_WHAT NEEDS TO BE DONE_
The lines from the one containing "a living room" to the end of the entries, both included, are what you need to transcribe exactly, without pictures and without anything else.

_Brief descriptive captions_
• • •

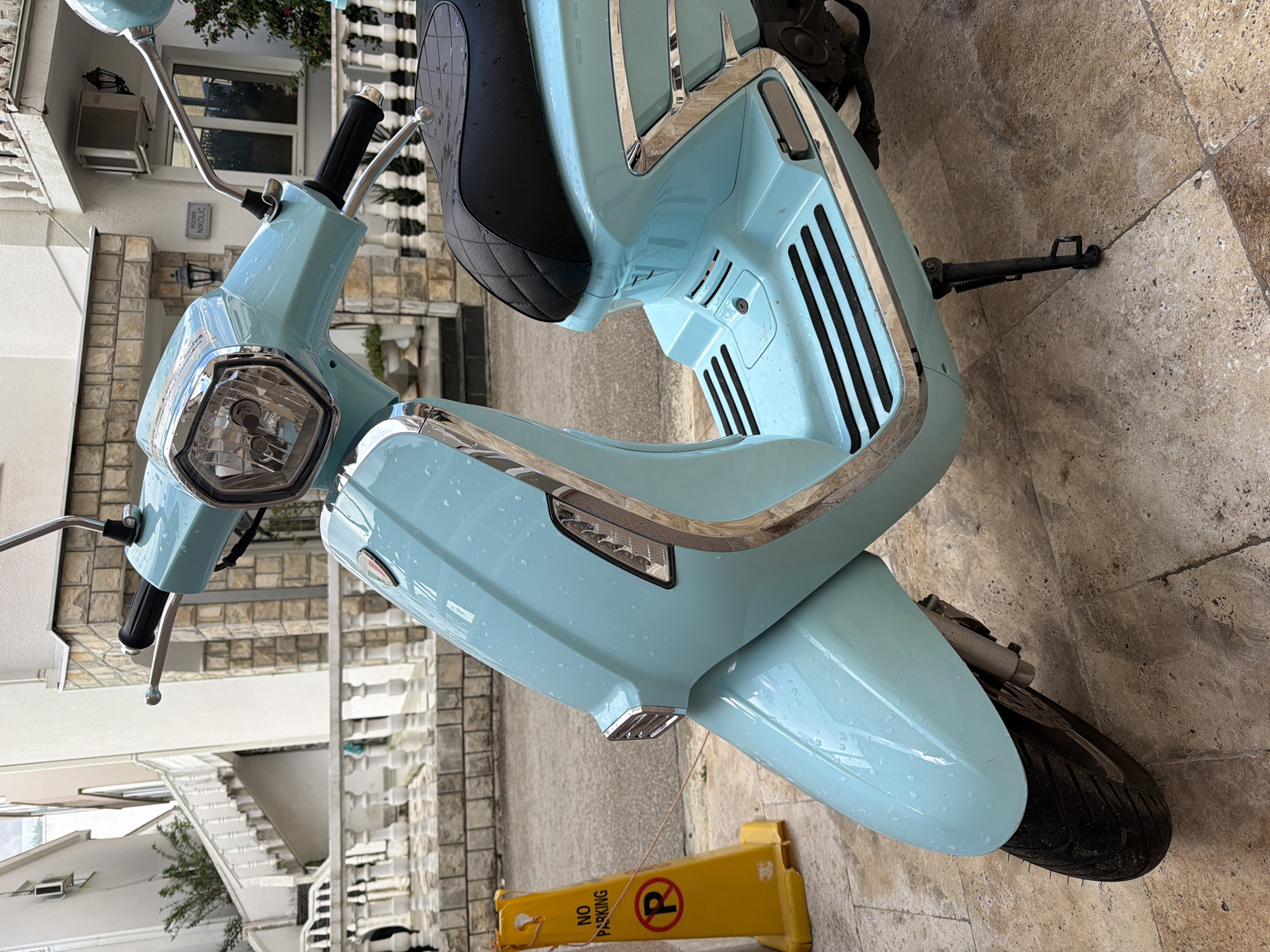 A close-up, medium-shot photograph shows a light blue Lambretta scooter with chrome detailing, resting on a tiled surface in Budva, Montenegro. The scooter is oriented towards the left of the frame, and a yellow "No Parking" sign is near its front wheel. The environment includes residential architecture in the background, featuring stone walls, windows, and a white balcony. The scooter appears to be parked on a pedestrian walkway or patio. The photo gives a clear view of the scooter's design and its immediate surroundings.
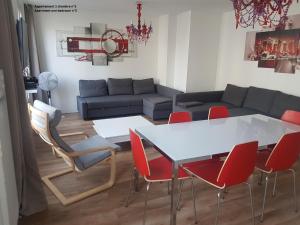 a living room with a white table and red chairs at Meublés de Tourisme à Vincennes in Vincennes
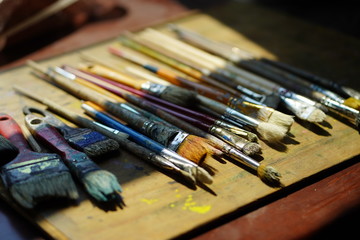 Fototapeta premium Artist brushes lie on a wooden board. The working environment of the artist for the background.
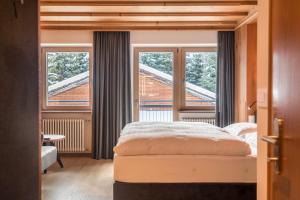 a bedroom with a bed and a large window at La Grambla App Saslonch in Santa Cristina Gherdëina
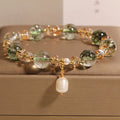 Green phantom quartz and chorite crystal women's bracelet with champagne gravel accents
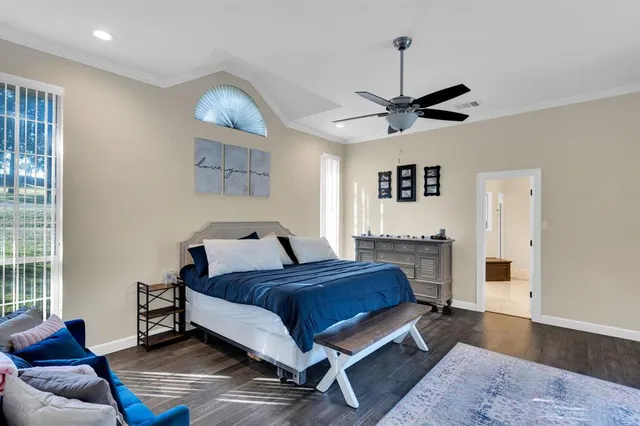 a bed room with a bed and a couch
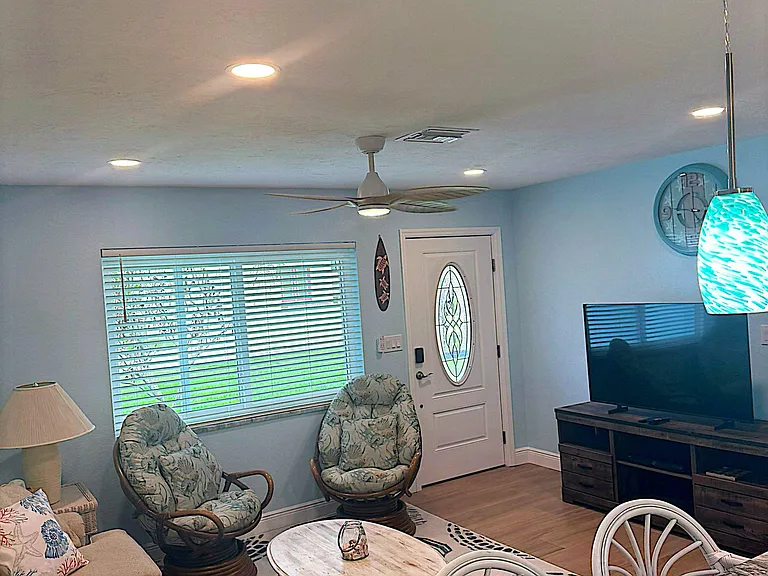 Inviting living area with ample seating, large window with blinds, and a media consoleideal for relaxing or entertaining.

• • •

_OUTPUT OF THE TASK_
 a living room with a white table and red chairs at Meublés de Tourisme à Vincennes in Vincennes
 Fototapeta premium Artist brushes lie on a wooden board. The working environment of the artist for the background.
 a bedroom with a bed and a large window at La Grambla App Saslonch in Santa Cristina Gherdëina
 Green phantom quartz and chorite crystal women's bracelet with champagne gravel accents
 a bed room with a bed and a couch
 Inviting living area with ample seating, large window with blinds, and a media consoleideal for relaxing or entertaining.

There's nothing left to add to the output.